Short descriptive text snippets
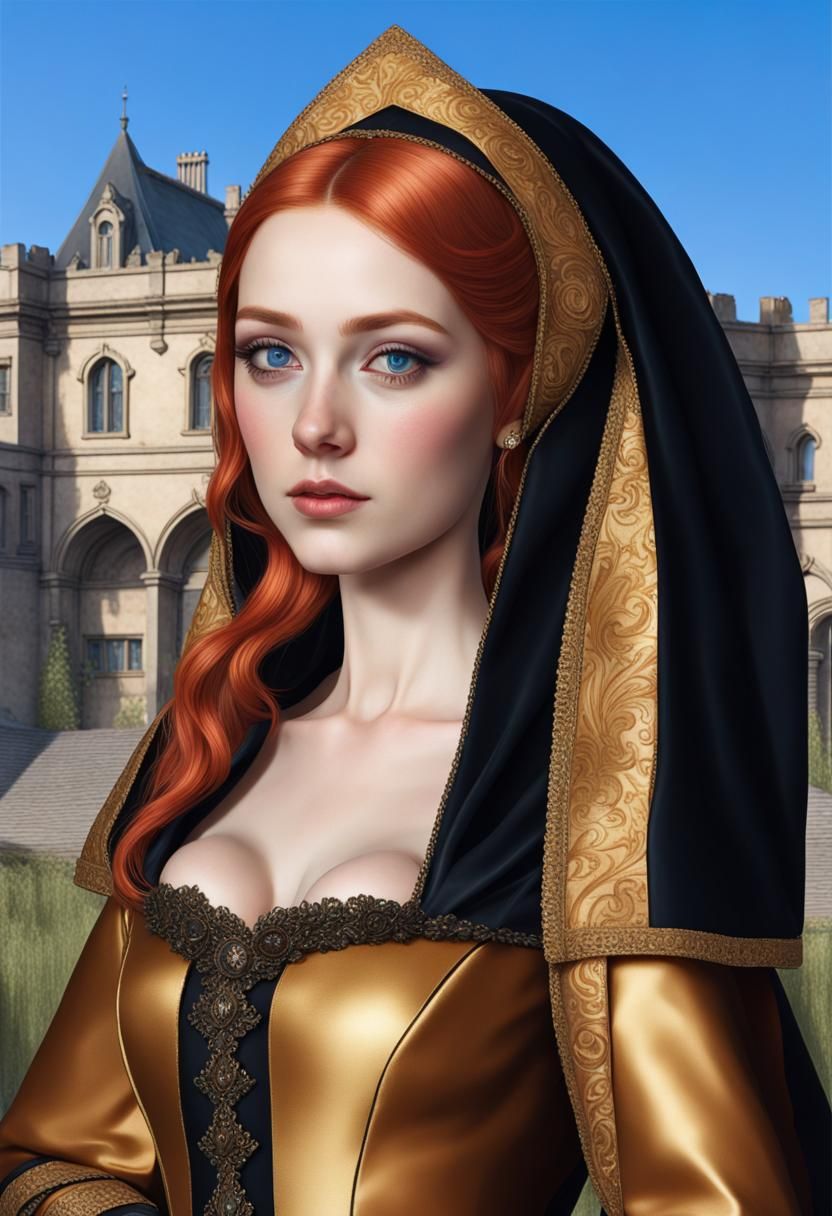 Tudor Woman in Brocade Gown, Oil Painting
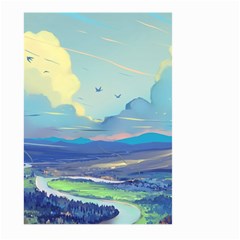 Mountains And Trees Illustration Painting Clouds Sky Landscape Large Garden Flag (two Sides)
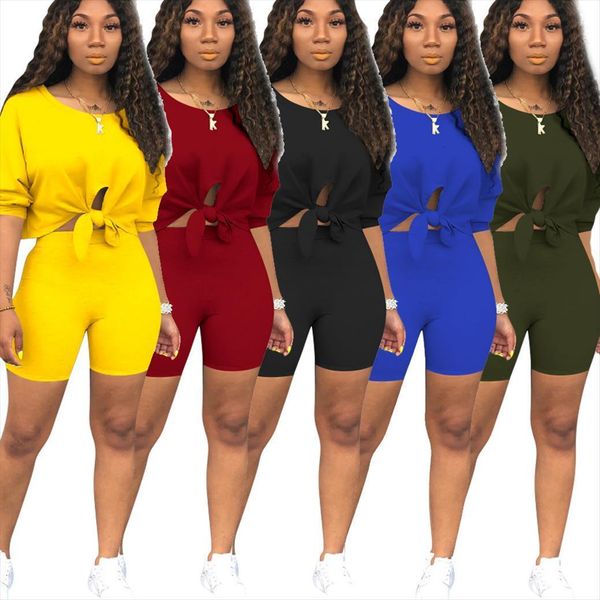 summer suit european and womens tracksuits american style model solid color lace up bow casual fashion, Gray
summer suit european and womens tracksuits american style model solid color lace up bow casual fashion, Gray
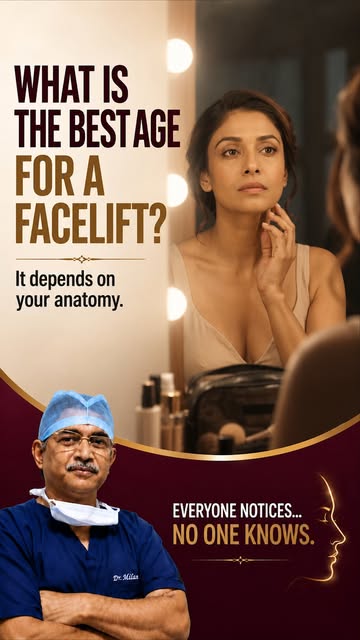 What is the best age for a facelift?

There isn’t one fixed age.

The right time is when facial desc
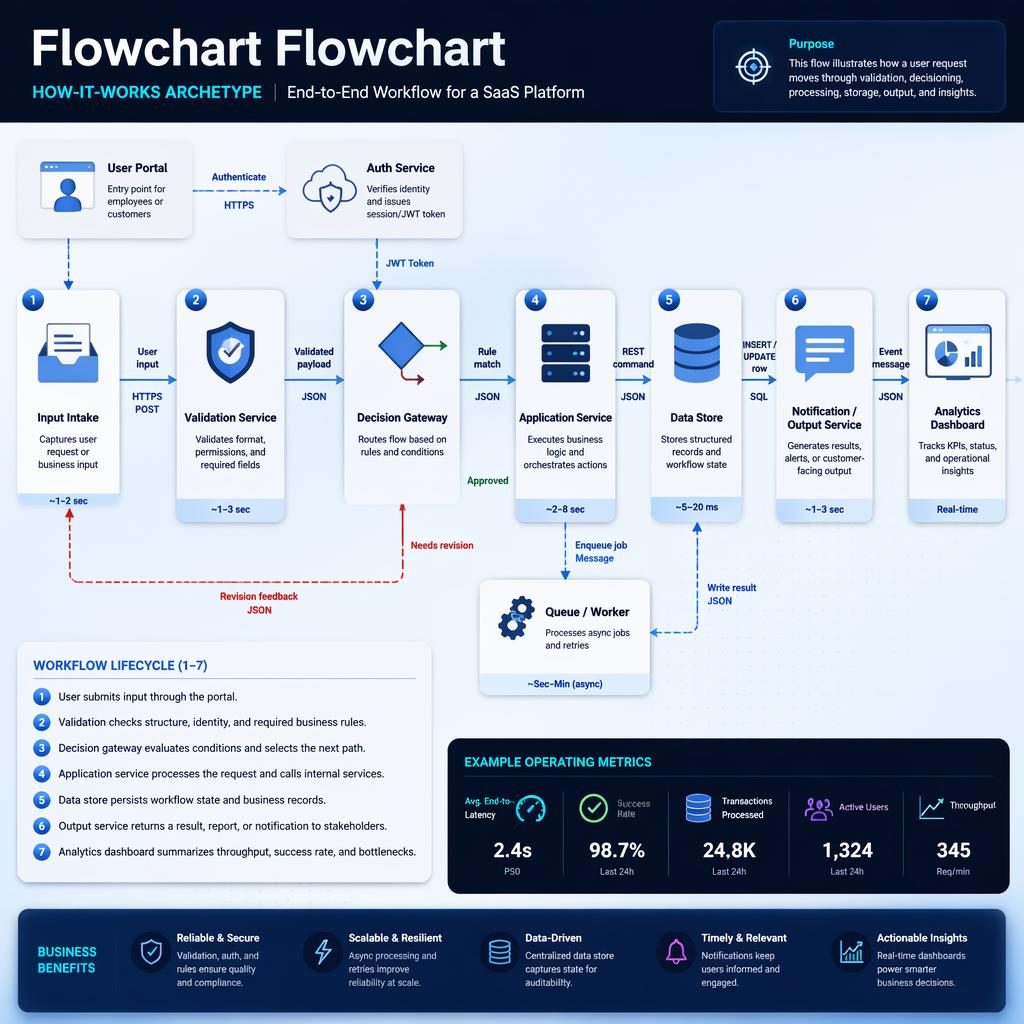 Tech-infographic met links-naar-rechts SaaS-procesflow, gelabelde boxes, pijlen, beslispad, legenda en dashboard.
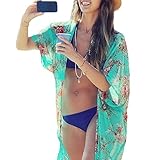Mansy Women's Chiffon Swimsuit Cover Up Beach One Size, Green
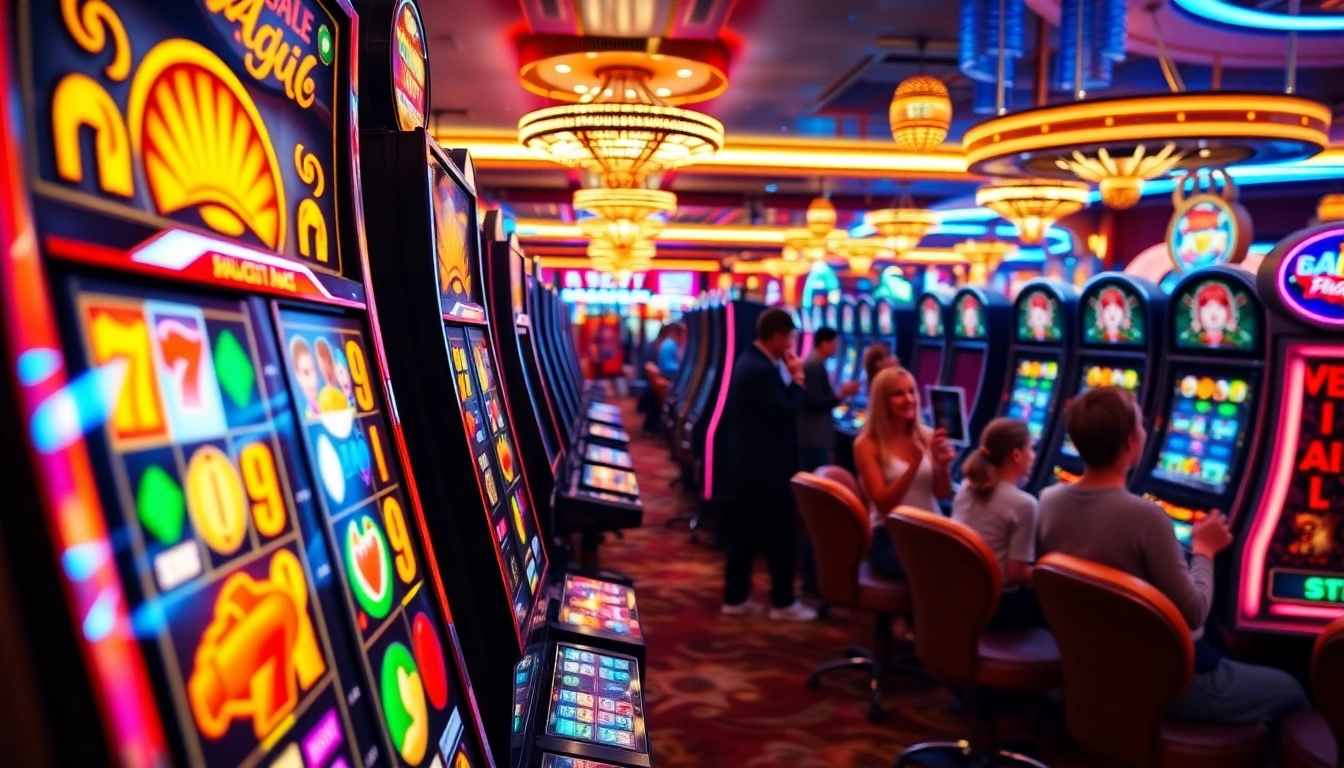 Menampilkan permainan slot depo 5k dengan mesin yang berwarna cerah dan pemain yang bersenang-senang.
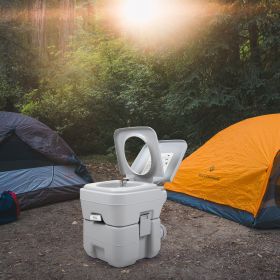 5 Gallon Portable Toilet;  Flush Potty;  Travel Camping Outdoor (Color: Gray)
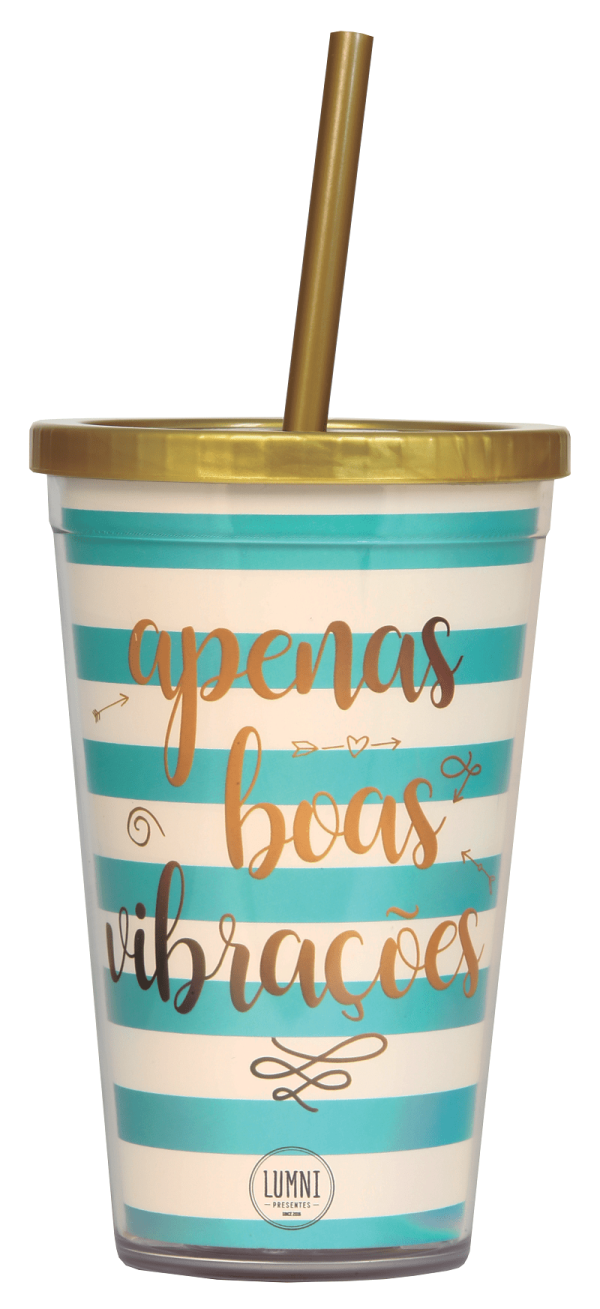 Copo Canudo 500 ML Duas camadas - Apenas Boas Vibrações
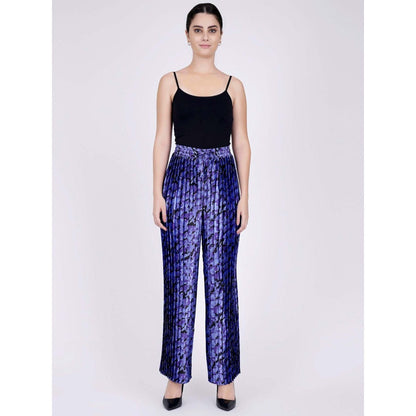 First Resort by Ramola Bachchan Blue Camouflage Print Knife Pleated Palazzo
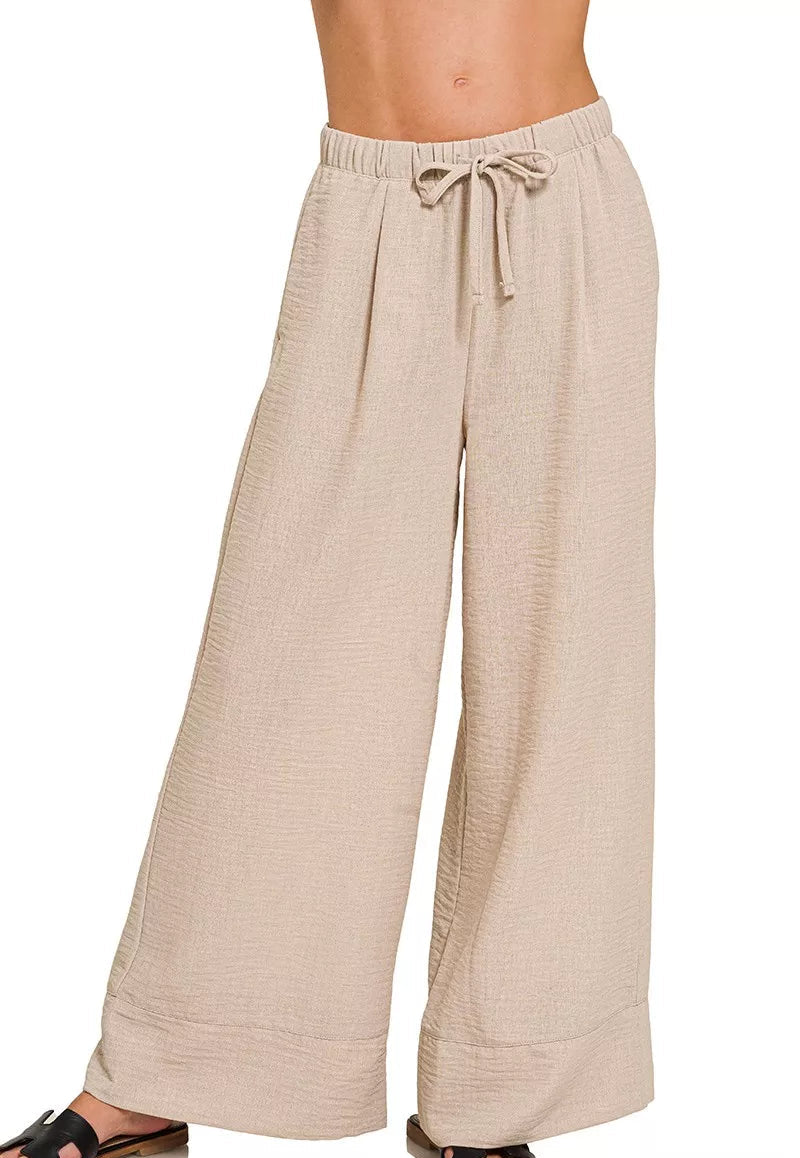 Zenana Woven Pants Ash Mocha Airflow Drawstring with Pockets ASH MOCHA f5520c8a635b4799bd6fd20fc0aee01a-Max-Origin Trendsi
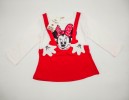 Mini Mouse Stripe Full Sleeve  Dress for Girls_Red
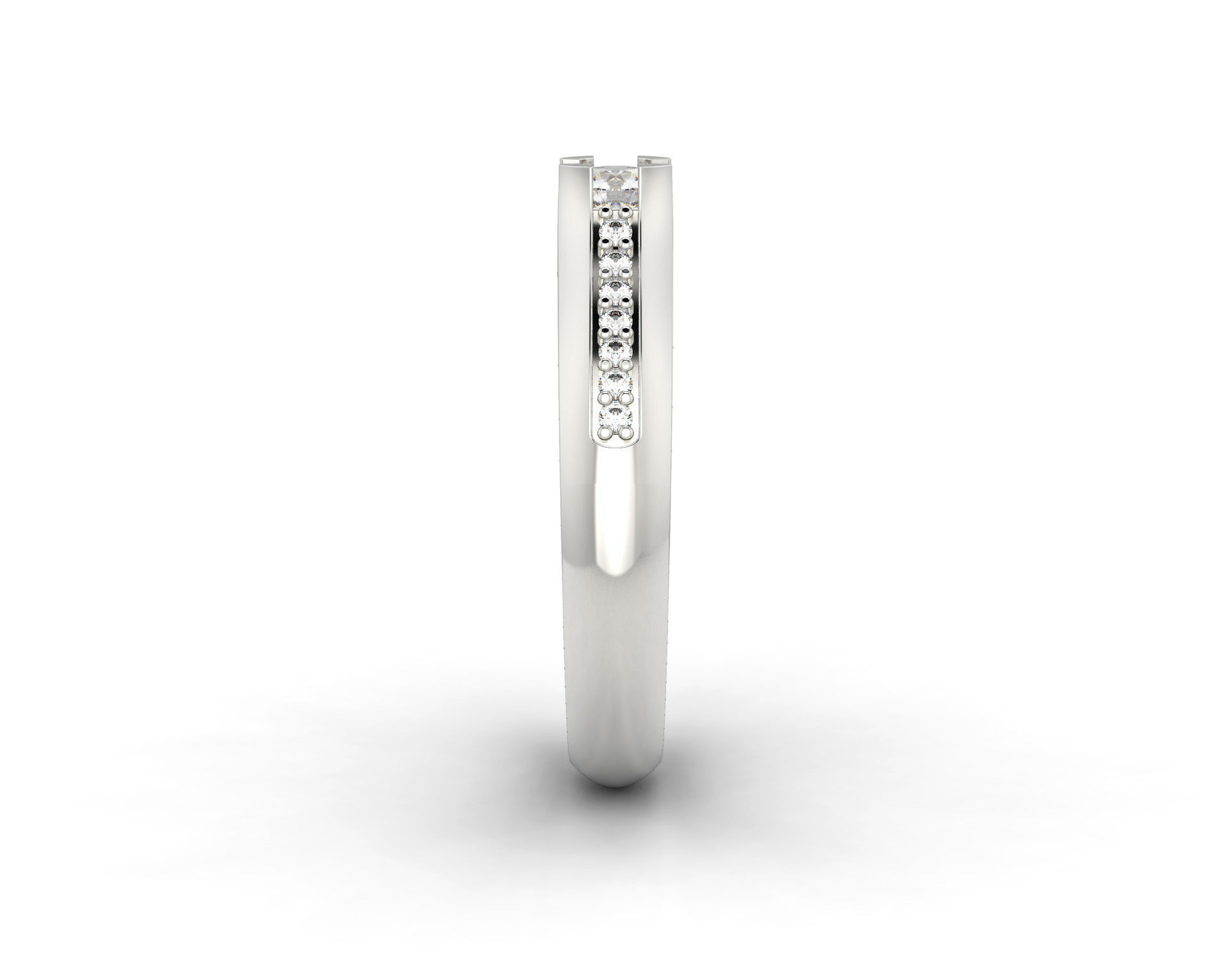 D-0984 diamond engagement ring gold 3D print model_2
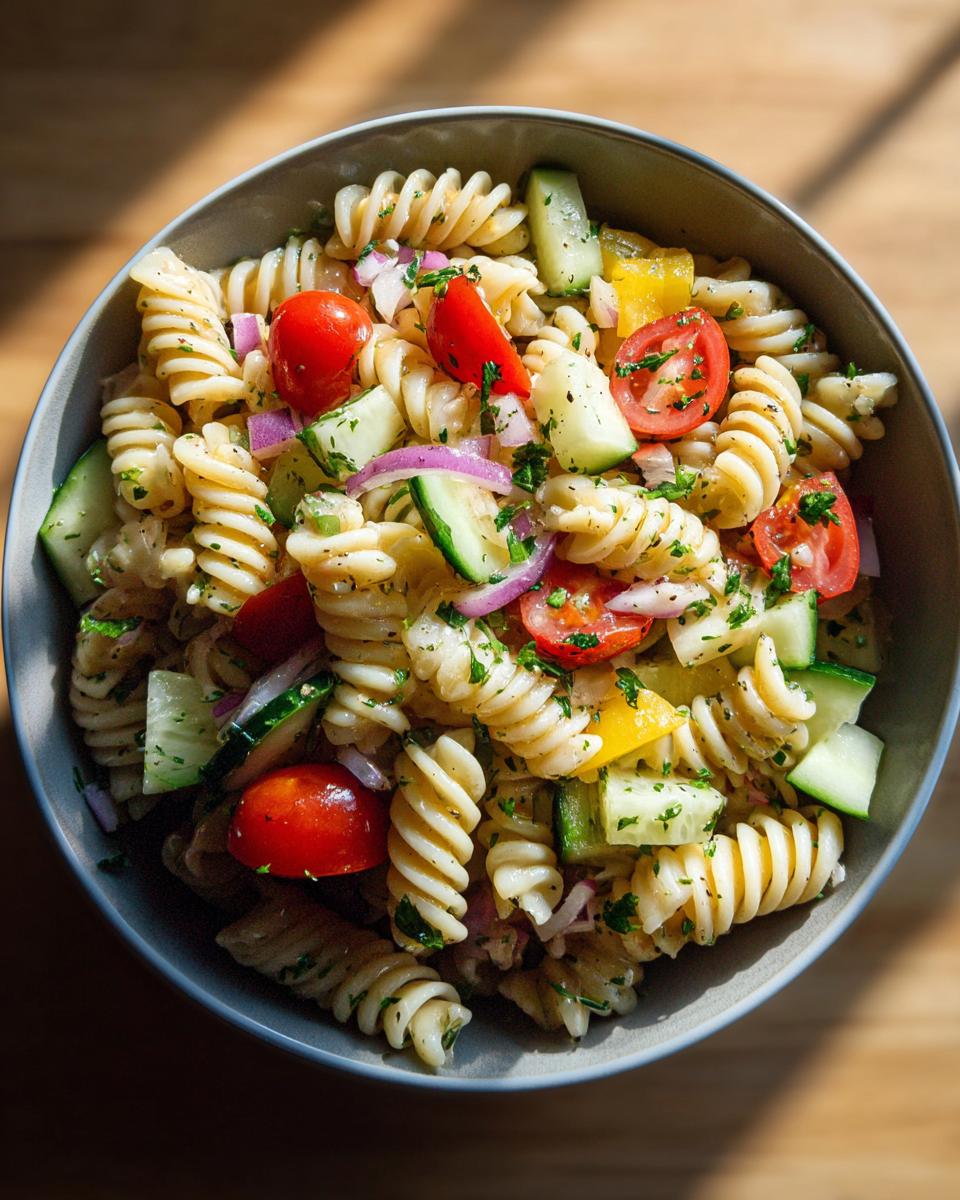 A vibrant bowl of pasta salad healthy recipes with tomatoes, cucumber, and red onion.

REQUIRED WORK
Once you find the line containing "D-0984 diamond engagement", retype it and every line after it through the last line of the records above, exactly. Add nothing else, and leave out the pictures.

SOLUTION FOR THIS TASK
 D-0984 diamond engagement ring gold 3D print model_2
 A vibrant bowl of pasta salad healthy recipes with tomatoes, cucumber, and red onion.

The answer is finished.